BANGOR – It’s called “the ripple effect,” the economic distress that flows through a town or state when there’s a major layoff at a business or a permanent shutdown of operations altogether.
These days, it feels like Penobscot County and the state are bracing for more of a tidal wave than a ripple.
Since January, more than 1,350 paper industry jobs have been lost at two of the major paper companies in the county – 1,050 at Great Northern Paper Inc. in Millinocket and East Millinocket, and 300 at Georgia-Pacific in Old Town.
The economic shock wave already has begun, from video rental stores laying off part-time workers to small businesses cutting back hours just to save on costs. One Georgia-Pacific worker, a couple of hours after hearing that his job with the company no longer existed, was asking industry colleagues attending the annual Maine Pulp and Paper Foundation open house Friday in Bangor for work.
According to two nationally accepted economic formulas, for every paper mill job lost another two to 3.4 jobs at other businesses, from fast-food restaurants to professional services, are affected, most of them in the communities where the workers live.
That’s another 4,590 jobs that could be gone in the coming months.
“There is almost no job that’s not affected by any big change,” David Field, a professor of forest policy at the University of Maine, said after a speech at the foundation’s conference. “It’s not just what you feel in the town where the mill is located. It’s statewide.”
Pulp and paper industry jobs are among the best-paying in the state, with average wages exceeding $50,000 a year. And some of the industry’s manufacturing facilities throughout the state are the envy of other sites nationwide, said James McNutt, executive director of the Center for Paper Business and Industry Studies, who attended Friday’s conference.
“But somehow the behavior of man would screw it up,” he said.
For each job lost, whether it’s a paper millworker or a hamburger fryer, the state will lose an average annual wage of $30,000, said McNutt, adding that “it doesn’t take a rocket scientist” to figure out that the income loss is $169 million. That’s money that is spent on food, movies, electricity and clothes, among other items.

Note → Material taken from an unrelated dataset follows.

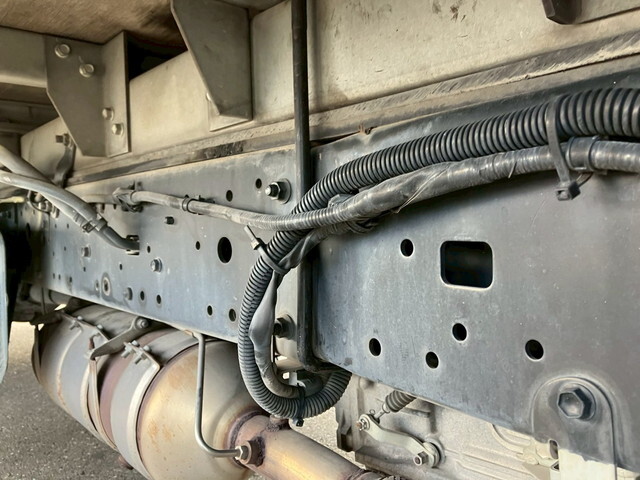 日野デュトロアルミバン小型（2t・3t）[写真33]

With Great Northern’s workers currently receiving at the most $280 a week in unemployment benefits, and Georgia-Pacific’s employees about to face the same kind of check, their loss of income is the first to be felt by businesses, Field said.
“People who work in Millinocket and Old Town were able to go to the Bangor Mall and buy more than the rest,” he said.
The loss of thousands of jobs and millions of income dollars are worries of Penobscot County, which is more heavily dependent on the pulp and paper industry than most places in the state. According to Field, if just the paper processing part of the industry that’s located in Penobscot County were killed, almost 9,000 jobs, or 10 percent of the county’s total employment, would be lost. Statewide, the job-loss number is more like 3 percent.
“You’re not going to solve the Old Town and Great Northern problems by worrying about them,” McNutt said.
Human behavior may “screw up” an industry, but it also can fix it, McNutt said. If immediate action is taken to repair a business climate that is negatively perceived on a national level as being anti-industry, the state may only have to “suck it up” for another 10 years of significant job losses before the tide turns around, he said.
“It’s hard,” McNutt said. “I think there is a light at the end of the tunnel. It’s just the light’s not yet on the train and the train’s not near the tunnel.”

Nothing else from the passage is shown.